## Polynomial Regression

Polynomial regression adds additional flexibility to the linear regression model to model non-linear trends. It should be noted specifically here that the data modeled here are not longitudinal data. These are data that are collected at a single time point, but the form of relationship is non-linear. 

There are non-linear regression models that can be specified directly. Those are more challenging, difficult to interpret, and difficult to estimate. I also do not personally use those types of methods, therefore, the focus in this section of notes is to show that non-linear trends can be modeled using linear regression and maintain the additivity of the model. 

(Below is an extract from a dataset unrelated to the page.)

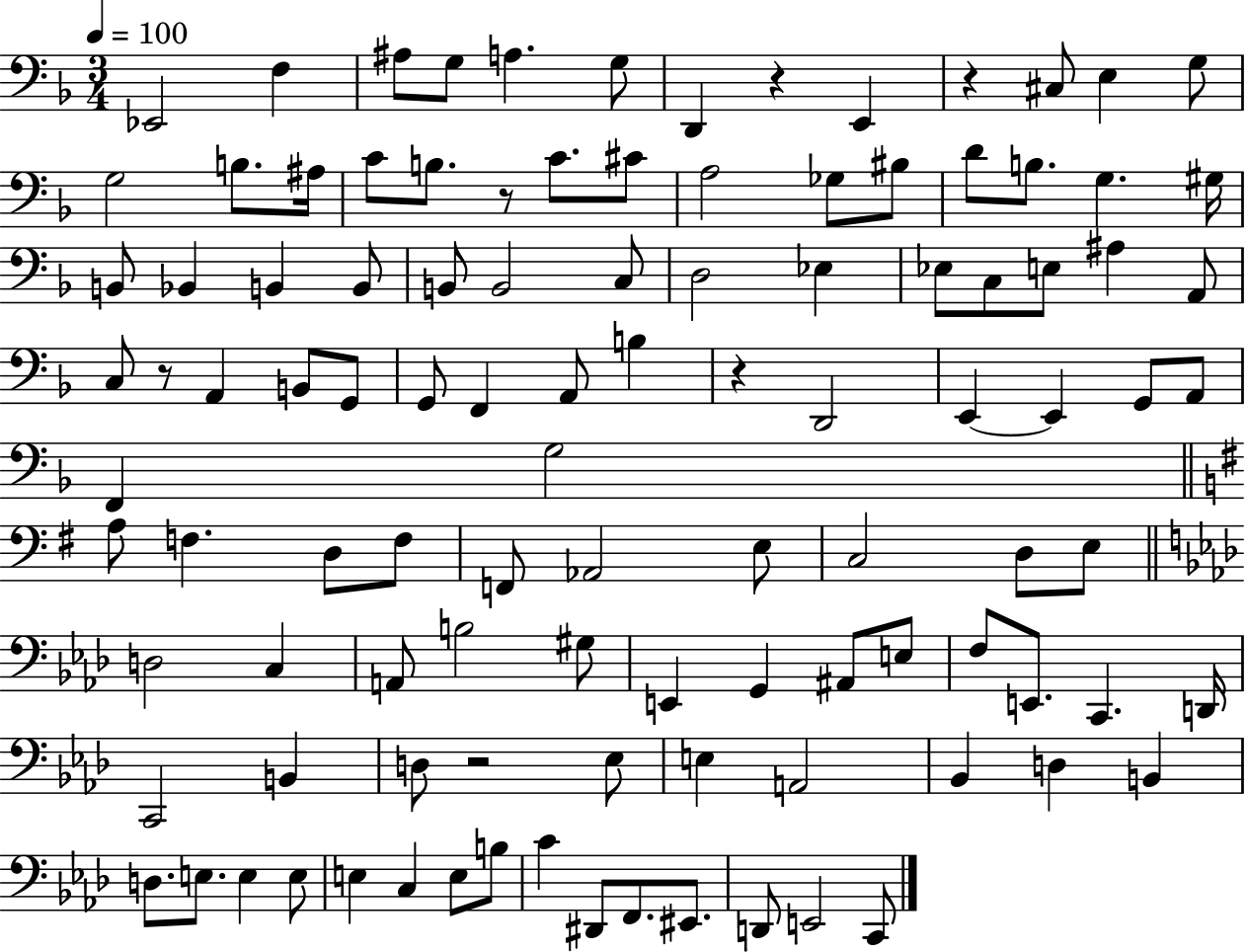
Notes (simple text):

The key to modeling non-linear trends using a linear regression model, is to add polynomial terms. For example, suppose we think that believe there is a non-linear trend. The simplest model would look like the following:

$$
Y = \beta_{0} + \beta_{1} X + \beta_{2} X^{2} + \epsilon
$$

In this model, the single $X$ attribute/predictor is included. The model includes the linear association, but also includes a quadratic association which would estimate/allow the regression line to be curvilinear rather than straight. Further polynomial terms (i.e., cubic, quartic, etc.) could be added. These terms are challenging to interpret, therefore, often visualizing the relationship helps to identify the effect of the non-linearity. 

### Example

We will again use simulated data to show the model, but will base this on a real research paper:

Glomb, T. M., & Welsh, E. T. (2005). Can opposites attract? Personality heterogeneity in supervisor-subordinate dyads as a predictor of subordinate outcomes. Journal of Applied Psychology, 90(4), 749.

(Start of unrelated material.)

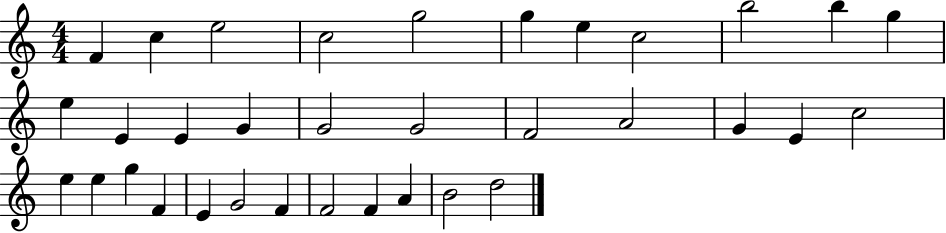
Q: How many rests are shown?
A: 0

This study looked to explore "Hypothesis 1: Differences between the supervisor and the subordinate in control traits (with the supervisor being higher) will be related to higher subordinate satisfaction with the supervisor."

In [None]:
library(tidyverse)
library(ggformula)
library(mosaic)
library(simglm)

theme_set(theme_bw(base_size = 16))

sim_args <- list(
    formula = satisfaction ~ 1 + poly(sup_control, degree = 2, raw = TRUE) + poly(sub_control, degree = 2, raw = TRUE),
    fixed = list(
        sup_control = list(var_type = 'continuous', 
        mean = 0, sd = 10.93),
        sub_control = list(var_type = 'continuous', 
        mean = 0, sd = 9.81)
    ),
    error = list(variance = 50),
    sample_size = 200,
    reg_weights = c(0, .109, -.109, 0, -0.01)
)

satis_data <- simulate_fixed(data = NULL, sim_args) |> 
  simulate_error(sim_args) |>
  generate_response(sim_args)

head(satis_data)

In [None]:
gf_point(satisfaction ~ sup_control, data = satis_data, size = 4) |>
  gf_smooth(method = 'lm', linewidth = 2) |>
  gf_smooth(method = 'loess', linewidth = 2)

In [None]:
gf_point(satisfaction ~ sub_control, data = satis_data, size = 4) |>
  gf_smooth(method = 'lm', linewidth = 2) |>
  gf_smooth(method = 'loess', linewidth = 2)

In [None]:
lm(satisfaction ~ 1 + sup_control + sub_control, data = satis_data) |> 
   broom::tidy()

In [None]:
lm(satisfaction ~ 1 + sup_control + sub_control + I(sup_control^2) + I(sub_control^2), data = satis_data) |> 
   broom::tidy()

## Spline Models

There are also a type of model called spline models that can also help with the flexibility of the linear regression model. The simplest type of spline model are called linear-linear spline models. These types of models are purely linear, but the linear slope does not need to be the same across the entire span. These can be of interest when something occurs at a specific value of an attribute.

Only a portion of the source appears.